Maybe instead of hard-coding these preferences in the search engine, or having it try to guess for you based on your search history, you can opt-in to download and apply such lists of ranking modifiers to your user profile. Those lists would be maintained by 3rd parties and users, just like eg. adblock blacklists and whitelists. For example, Python devs might maintain a list of search terms and associated urls that get boosted, including stack exchange and their own docs. "Learn python" tutorials would recommend you set up your search preferences for efficient python work, just like they recommend you set up the rest of your workflow. Japanese python devs might have their own list that boosts the official python docs and also whatever the popular local equivalent of stackexchange is in Japan, which gets recommended by the Japanese tutorials. People really into 3D printing can compile their own list for 3D printing hobbyists. You can apply and remove any number of these to your profile at a time.
I like this idea! I think the biggest difficulty with it - which is also probably the most important reason that engines like Google and DDG are currently struggling to return good results - is that the search space is just so enormously large now. The advantage of the suggestion in the blog post is that you trim down the possible results to a handful of "known good" sources.
As I understand it, you'd want to continue to search the whole "unbiased" web, then apply different filters / weights on every search. I really do like the idea, but I imagine we'd be talking about an increase in compute requirements of several orders of magnitude for each search as a result.
Maybe something like this could be made a paid feature, with a certain set of reasonable filters / weights made the default.
This may be a very dumb question, but could the filtering be done client-side? As in, DDG's servers do their thing as normal and return the results, then code is executed on your machine to weight/prune the results according to your preferences.
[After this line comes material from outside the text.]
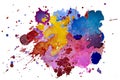 Multicolored watercolor splash texture blots background isolated. Grunge hand drawn blob, spot and droplets. Watercolour splatter Royalty Free Stock Photo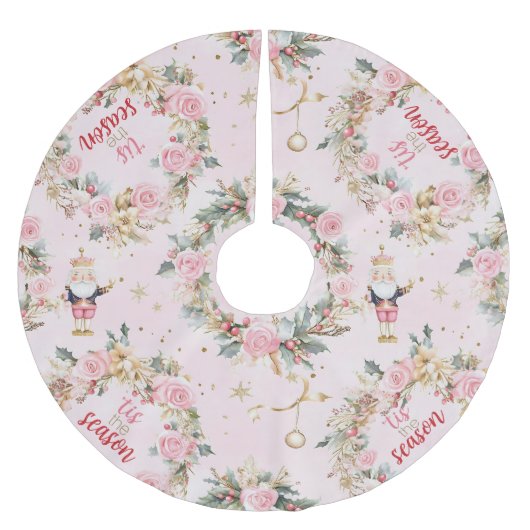 Holiday Pink Merry Notenkraker Beaux Custom Messag Kerstboom Rok (Voorkant)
Maybe this would require too much data to be sent to the client, compared to the usual case where it only needs a page of results at a time. If so, would a compromise be viable, whereby the client receives the top X results and filters those?
This would work if you had a blacklist of domains you didn't want to see. But the idea in the post is closer to a whitelist: the highest priority sites (tier 1) should be set manually, and anything after that should be weighted by how often it's referenced by the tier 1 sites. For a lot of searches you're going to have to pull many results to fill a page with stuff from a small handful of domains, and in fact you might not be able to get them at all. And that's before you start dealing with the weighting issue, which would require quite a bit of metadata to be sent with each request.
I have had a similar idea, what you're proposing is essentially a ranking/filtering customisation. The internet is a big scene, and on this scene we have companies and their products, political parties, ad agencies and regular users. Everyone is fighting for attention, clicks. Google has control over a ranking and filtering system that covers most searches on the internet. FB and Twitter hold another ranking/filtering sweet spot for social networks.
The problem is that we have no say in ranking and filtering. I think it should be customisable both on a personal and community level. We need a way to filter out the crap and surface the good parts on all these sites. I am sure Google wouldn't like to lose control of ranking and filtering, but we can't trust a single company with such an essential function of our society, and we can't force a single editorial view on everyone.
As we have many newspapers, each with its own editorial views, we need multiple search engine curators as well.
Unfortunately I suspect that if it were a premium feature, not enough groups would volunteer the requisite time into compiling and maintaining the site ranking lists. This sort of thing really has to become a community effort in order to scale, I think.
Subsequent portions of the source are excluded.